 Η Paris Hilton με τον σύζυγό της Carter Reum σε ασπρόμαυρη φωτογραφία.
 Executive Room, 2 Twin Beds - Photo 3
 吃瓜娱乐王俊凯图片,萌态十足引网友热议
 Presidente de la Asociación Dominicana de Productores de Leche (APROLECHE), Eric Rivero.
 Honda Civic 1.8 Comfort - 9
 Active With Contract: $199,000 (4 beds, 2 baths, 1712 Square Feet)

==*==

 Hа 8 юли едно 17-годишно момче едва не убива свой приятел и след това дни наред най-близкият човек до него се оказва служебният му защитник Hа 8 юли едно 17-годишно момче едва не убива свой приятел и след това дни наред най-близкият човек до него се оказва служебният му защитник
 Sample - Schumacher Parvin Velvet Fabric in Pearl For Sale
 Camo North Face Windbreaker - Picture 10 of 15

==*==

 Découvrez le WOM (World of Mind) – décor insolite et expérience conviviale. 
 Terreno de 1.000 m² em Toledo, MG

==*==

▶ **Problem to solve**: Given the records above, reproduce precisely and only the lines between the line holding "Honda Civic 1.8 Comfort - 9" and the line holding "Active With Contract: $199,000", inclusive.

▶ **Answer**:
 Honda Civic 1.8 Comfort - 9
 Active With Contract: $199,000 (4 beds, 2 baths, 1712 Square Feet)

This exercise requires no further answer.